BEGIN Data section

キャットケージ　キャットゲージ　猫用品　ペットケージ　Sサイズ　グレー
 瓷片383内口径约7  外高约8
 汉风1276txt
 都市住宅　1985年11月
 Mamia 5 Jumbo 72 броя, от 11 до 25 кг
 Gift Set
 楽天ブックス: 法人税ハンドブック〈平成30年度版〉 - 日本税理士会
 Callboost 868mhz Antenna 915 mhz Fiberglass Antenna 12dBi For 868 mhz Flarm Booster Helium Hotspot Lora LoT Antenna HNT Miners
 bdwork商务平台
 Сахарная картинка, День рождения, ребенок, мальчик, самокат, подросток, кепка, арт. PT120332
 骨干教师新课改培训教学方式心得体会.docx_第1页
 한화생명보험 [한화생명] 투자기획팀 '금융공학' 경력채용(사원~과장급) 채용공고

END Data section

Using the data above, print every record exactly as shown.

Exercise response —
キャットケージ　キャットゲージ　猫用品　ペットケージ　Sサイズ　グレー
 瓷片383内口径约7  外高约8
 汉风1276txt
 都市住宅　1985年11月
 Mamia 5 Jumbo 72 броя, от 11 до 25 кг
 Gift Set
 楽天ブックス: 法人税ハンドブック〈平成30年度版〉 - 日本税理士会
 Callboost 868mhz Antenna 915 mhz Fiberglass Antenna 12dBi For 868 mhz Flarm Booster Helium Hotspot Lora LoT Antenna HNT Miners
 bdwork商务平台
 Сахарная картинка, День рождения, ребенок, мальчик, самокат, подросток, кепка, арт. PT120332
 骨干教师新课改培训教学方式心得体会.docx_第1页
 한화생명보험 [한화생명] 투자기획팀 '금융공학' 경력채용(사원~과장급) 채용공고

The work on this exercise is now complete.